Besprochene Bücher / Literaturhinweise

Am Anfang ist noch alles in Ordnung, und die Lehrerin hat alles im Griff: „,Setzen‘, sagte Inge Lohmark, und die Klasse setzte sich. Sie sagte ‚Schlagen Sie das Buch auf Seite sieben auf‘, und sie schlugen das Buch auf Seite sieben auf“. Inge Lohmark steht ganz oben in der Pyramide: „Zwischen den Lebewesen herrscht Konkurrenz. Und manchmal auch so etwas wie Zusammenarbeit. Aber das ist eher selten. Die wichtigsten Formen des Zusammenlebens sind Konkurrenz und Räuber-Beute-Beziehungen.“

Inge Lohmark ist seit dreißig Jahren Biologie- und Sportlehrerin an einem Provinzgymnasium in einer Kleinstadt in Vorpommern.

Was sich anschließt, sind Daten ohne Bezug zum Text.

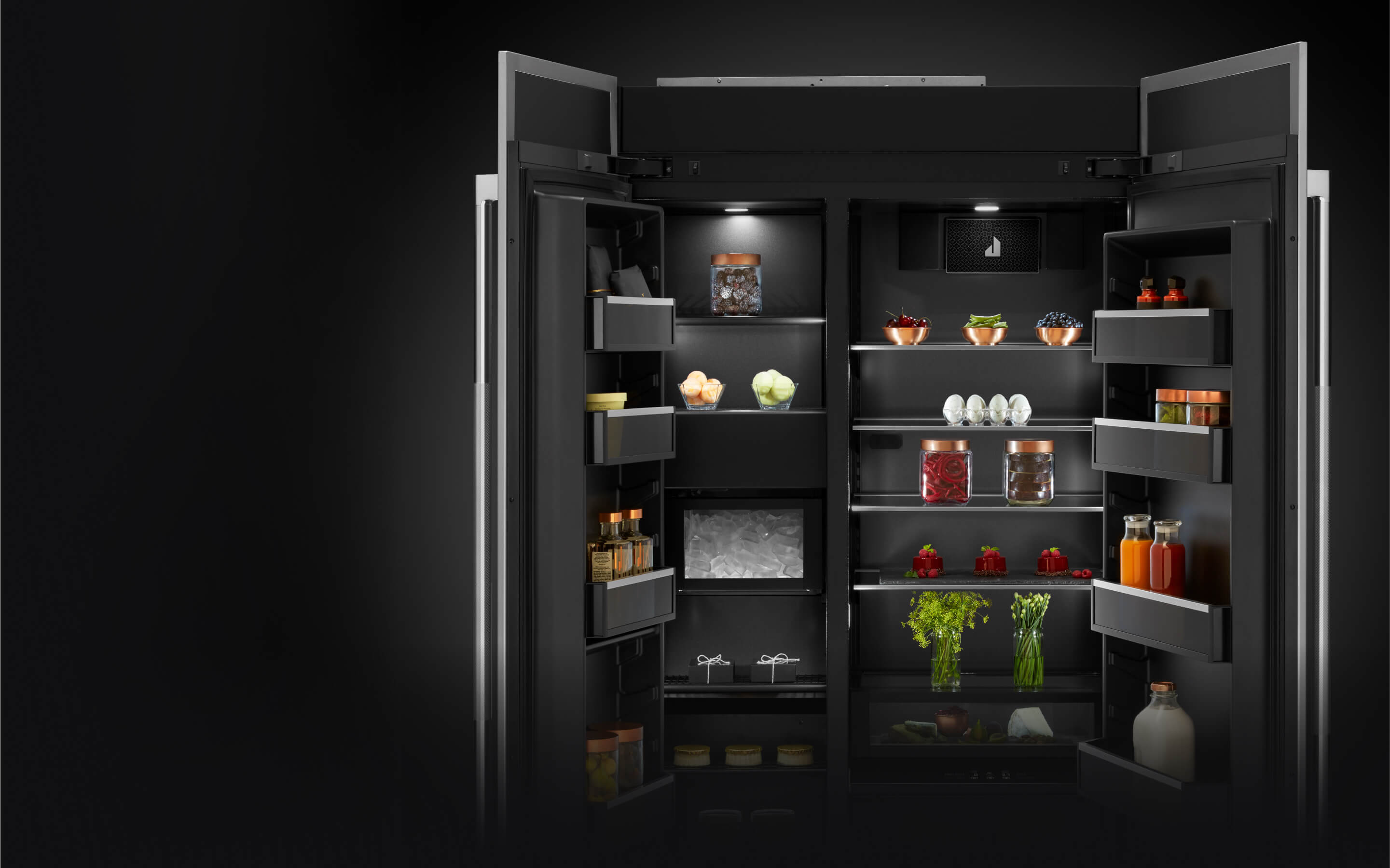 The rich dark interior of a JennAir® Side-By-Side Built-In Refrigerator.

Ihre Schule wurde nach Charles Darwin benannt, und das ist programmatisch für den ganzen Roman: „Bei Inge Lohmark gab es kein Mitspracherecht. Niemand hatte eine Wahl. Es gab die Zuchtwahl und sonst nichts.“

Denn Inge Lohmarkt predigt den Sozialdarwinismus, sie verachtet ihre zwölf Schüler in der neunten Klasse, in der sie Klassenlehrerin ist, und die sie möglichst kleinzuhalten und zu demütigen versucht. Sie verachtet auch ihre Kollegen, den Direktor und den Busfahrer, ihre Nachbarn in dem Dorf, in dem sie wohnt, und das neue Deutschland nach der Wende. Es ist die letzte neunte Klasse dieser Schule, die, wenn alle Kinder ihren Abschluss gemacht haben, geschlossen werden soll. Es gibt nämlich keinen Nachwuchs mehr für das Gymnasium, weswegen irgendwer ein Graffito an der Mauer angebacht hat: „Das Darwin stirbt aus.“

Lohmark kennt keine Zärtlichkeiten oder Rücksichtnahmen, sie bewertet ihre Umwelt nach einem unbarmherzigen Muster, sieht ihre Schüler als „Parasiten am gesunden Klassenkörper“ und „Landwirbeltiere im Wachstum“ und ordnet sie in Schubladen ein, aus denen sie nie wieder herauskommen, der Sitzplan der Klasse auf Seite 20 zeigt dies deutlich – Jennifer: „von Geburt an selbstsüchtig“ und mit „skrupelloser Oberweite, Wettbewerbsbusen“, Saskia: „stullendummer Ausdruck“, Kevin: „stupide, aber fordernd – die schlimmste Kombination“, Tom: „ein Grottenolm war schöner“, Annika: „vortragsgeil“, Erika: „gepflegte Traurigkeit in geneigter Haltung“, Ellen: „dumpfes Duldungstier“.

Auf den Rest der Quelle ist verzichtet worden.